Je ne remets pas en cause les bonnes intentions ni les compétences de ces quatre personnes. Cependant, je constate simplement qu’ils n’ont pas défendu avec suffisamment de détermination les intérêts des Martiniquais face aux problèmes concrets. À mon avis, ils se sont plutôt perdus dans une attitude de méfiance envers le gouvernement. Ce n’est pas ainsi que l’on devient efficace. Peu importe l’interlocuteur choisi par les Français, il est essentiel de pouvoir dialoguer avec lui. Agir de cette manière est l’une des principales raisons du manque d’écoute.

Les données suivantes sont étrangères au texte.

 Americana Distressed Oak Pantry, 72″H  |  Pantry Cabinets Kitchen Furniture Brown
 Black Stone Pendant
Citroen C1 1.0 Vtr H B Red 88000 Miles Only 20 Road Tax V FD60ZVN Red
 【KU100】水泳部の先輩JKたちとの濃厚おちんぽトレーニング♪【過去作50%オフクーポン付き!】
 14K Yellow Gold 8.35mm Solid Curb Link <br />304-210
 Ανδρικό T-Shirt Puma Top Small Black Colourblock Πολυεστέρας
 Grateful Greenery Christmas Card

La Martinique fait actuellement face à de nombreuses problématiques. Si vous êtes élu, quelles mesures comptez-vous prendre pour résoudre ces problèmes et par la même occasion favoriser le développement de l’île ?

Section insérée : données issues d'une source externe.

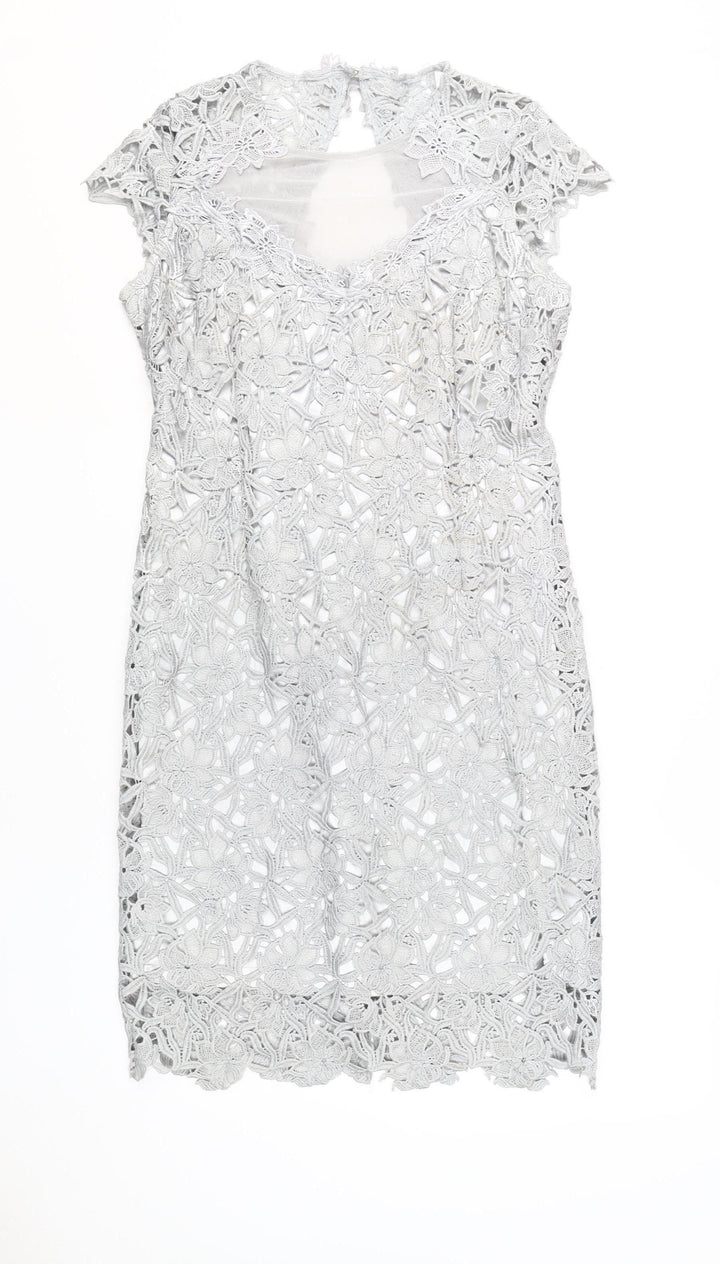 Joanna Hope Women's Grey Sheath Dress Size 12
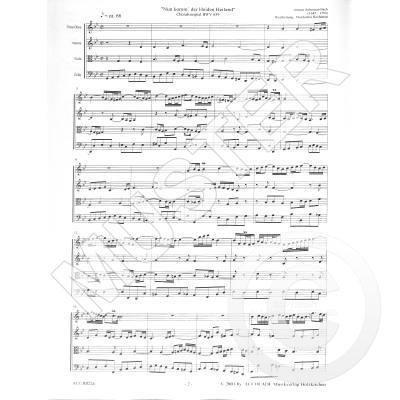 Nun komm der Heiden Heiland Choralvorspiel BWV 659
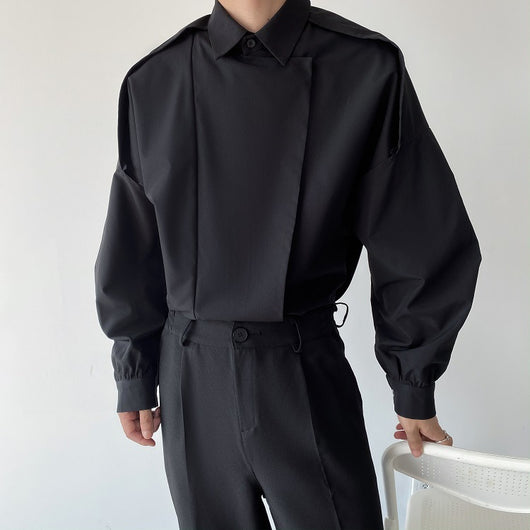 Camisa Manga Larga con Solapas Otoñales para Hombre - Image 11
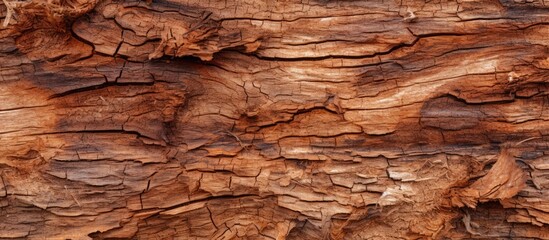 Rough tree trunk surface close up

En tant que parlementaire, il est de mon devoir de faire en sorte que chaque problématique trouve une réponse raisonnable. Je ne souhaite pas tourner autour du pot, si je deviens député, je ne perdrai de temps pour m’attaquer directement aux problèmes des martiniquais.
Beaucoup d’élus ultramarins se battent contre la vie chère en Outre-mer. Quelles sont les mesures que vous pourriez être amené à proposer ?

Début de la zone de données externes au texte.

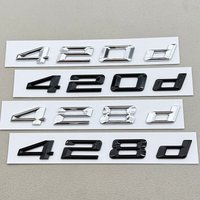 3D ABS Car Letters Logo 420d 428d Emblem Sticker Rear Trunk Badge for F32 F36 Auto Tail Marking Accessories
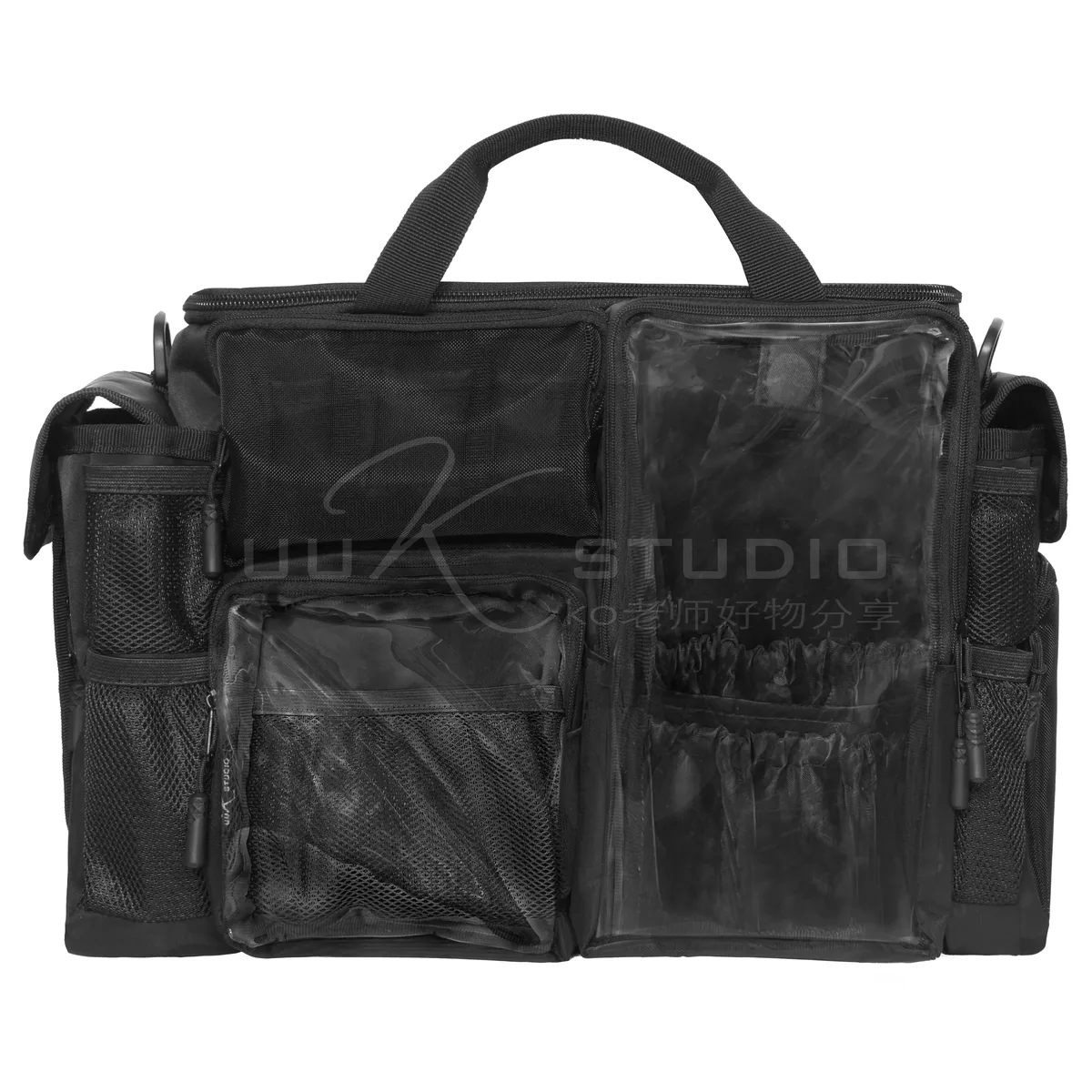 Grand sac de maquillage pour artistes, organisateur de retouche professionnel sur site, sac de rangement d'insertion cosmétique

Les problèmes des Martiniquais et des Ultramarins sont nombreux, parmi lesquels la vie chère occupe une place importante. Pour lutter contre ce phénomène, plusieurs actions peuvent être entreprises. Il est crucial de renforcer les conditions de concurrence et de contrôle, surtout lorsque la concurrence est limitée en raison de l’exiguïté du territoire et de la concentration des pouvoirs économiques. Lorsque la concurrence n’est pas suffisamment dynamique, il est nécessaire de procéder à des contrôles pour éviter les situations de domination du marché.
Par exemple, c’est le cas des carburants, dont les prix sont contrôlés par les services de l’État. D’autres secteurs, comme la distribution et le marketing de certains biens et services, doivent également être soumis à un contrôle strict pour éviter les distorsions de prix qui augmentent le coût de la vie. L’octroi de mer, une taxe sur les produits importés, est un autre élément à considérer. Bien que cette taxe soit essentielle pour soutenir l’économie locale, elle ne doit pas devenir un facteur de renchérissement des produits de première nécessité. Il est important de maintenir cette taxe sous le contrôle des autorités locales, mais il faut veiller à ce qu’elle ne pèse pas trop lourdement sur les consommateurs, surtout les plus modestes.
En particulier, les produits de première nécessité frappés par des taux d’octroi de mer élevés à l’importation doivent être revus. L’aide aux industries locales doit être maintenue, mais sans que cela ne se traduise par une augmentation excessive des taux de cette taxe, car cela renchérit le coût de la vie et pénalise les plus petits consommateurs. Le principe de l’octroi de mer est bon, mais son mécanisme d’application doit être amélioré. C’est un aspect essentiel du travail parlementaire à mes yeux.
Quelles mesures prévoyez-vous pour soutenir les petites et moyennes entreprises dans les territoires d’outre-mer et favoriser la création d’emplois locaux ?
La principale difficulté rencontrée par les entrepreneurs dans nos territoires est l’accès au financement. Il est donc crucial de favoriser cet accès. Pour ce faire, l’État doit se doter des outils nécessaires. Cela peut se faire soit par le biais des banques, en mettant en place des mesures incitatives pour le crédit aux entrepreneurs débutants, soit en renforçant ou en créant une banque de développement.
Des institutions comme la BPI, l’AFD, et la Caisse des Dépôts existent déjà, mais les conditions d’accès au crédit qu’elles offrent ne sont pas adaptées à la réalité de nos territoires. Une réflexion de fond est donc nécessaire pour que les petits entrepreneurs ayant un projet puissent réellement accéder au crédit.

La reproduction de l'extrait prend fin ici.